Even still, the sales restrictions announced yesterday may do little to stop people from enjoying a tipple if they really want one, and may have a "limited" impact on sales volumes, said Philip Gorham, an equities analyst with Morningstar Inc in Amsterdam. Under existing regulations, retailers are also prohibited from selling alcohol between midnight and 11am and between 2pm and 5pm.
Public relations stunt?
"I see them essentially as PR stunts by governments attempting to appear to be doing something good for public health," Mr Gorham said in an e-mail. "The broader point, however, is that developing markets are catching up on the regulatory front, or at least making efforts to."
Taxation on alcohol has been used effectively in developed markets to limit consumption and "disruptive tax increases would be a risk to emerging market volumes," Mr Gorham added.
After growing steadily for about 25 years, alcohol consumption plateaued in Thailand after the 2008 release of a national policy on alcohol that helped persuade more than two-thirds of Thais to abstain from booze, WHO data show.
A worker stands near bottles of Regal Seven beer at Heineken's newly-opened brewery near Yangon July 12. (EPA photo)
Other governments are following suit.
The Philippines introduced a so-called "sin tax" on cigarettes and alcohol in 2012 that's increased the price of a litre of premium beer by 22 pesos (17 baht).
India's Kerala state in August enacted a law that would put it on the path to almost-complete prohibition in 10 years, the Press Trust of India reported in August. In mandates that only luxury hotels can sell liquor, and the number of state-run liquor and beer outlets will be cut by 10% a year. At least 400 bars attached to smaller hotels have already been shut after being denied licences and 300 may close soon.

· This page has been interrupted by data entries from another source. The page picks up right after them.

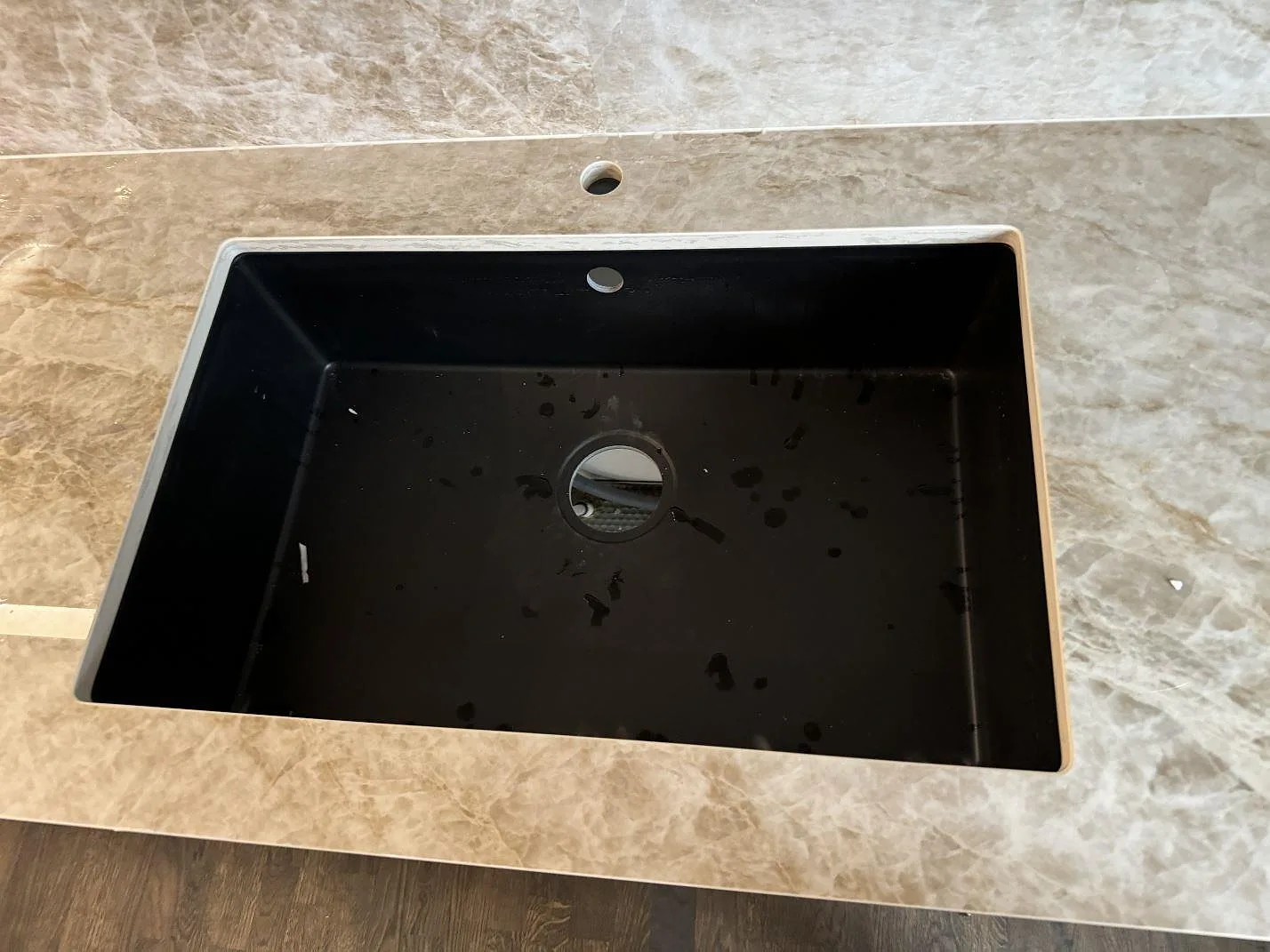 Närbild på svart diskho i polerad Dekton Taga med gråbeige ådring och stänkskydd i Malmö.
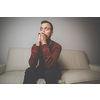 Handsome young man feeling thankful - praying to God - Gratitude concept (color toned image with added grain)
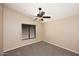 Simple bedroom featuring neutral carpet, light walls, and a single window with blinds at 819 W Harbor Dr, Gilbert, AZ 85233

The regulatory and tax challenges in India are increasing, Gilles Bogaert, chief financial officer of Pernod Ricard SA, told analysts on a conference call in February. "The Indian market is not easy from a regulation and tax standpoint," he said.
Alcohol laws are becoming "more stringent" worldwide, said Spiros Malandrakis, senior alcoholic drinks analyst with Euromonitor International, who sees the biggest risk for beverage companies coming from any further reduction in consumption in mature markets, where sales are flagging.
"Any additional measures to cut down consumption will perhaps have a much bigger effect than in emerging markets, which are anyway moving in a more-or-less positive direction, as middle classes are advancing and consumers are trying to emulate Western drinking habits," Mr Malandrakis said.